→ **TASK TO COMPLETE**:
Write out the listing below without alteration, omitting its pictures.

→ **INFORMATION SHOWN**:
%%

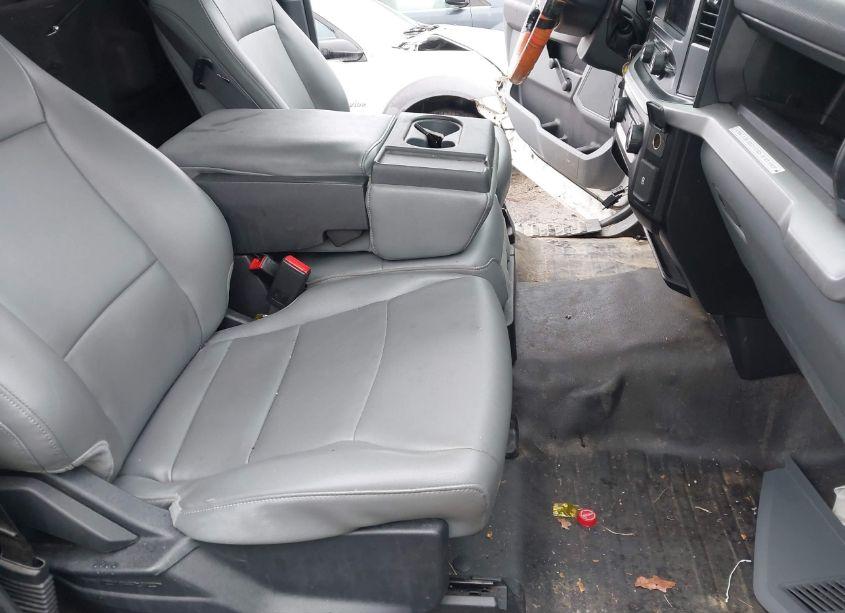 Photo 8 of 2022 Ford F-150 XL (VIN 1FTMF1CB3NKD90459)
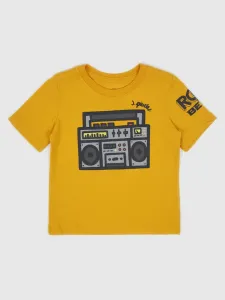 GAP Kids T-shirt Yellow #1429431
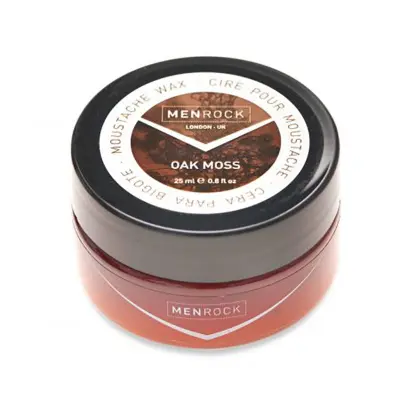 MenRock Oak Moss Moustache Wax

%%

→ **THE ANSWER**:
 Photo 8 of 2022 Ford F-150 XL (VIN 1FTMF1CB3NKD90459)
 GAP Kids T-shirt Yellow #1429431
 MenRock Oak Moss Moustache Wax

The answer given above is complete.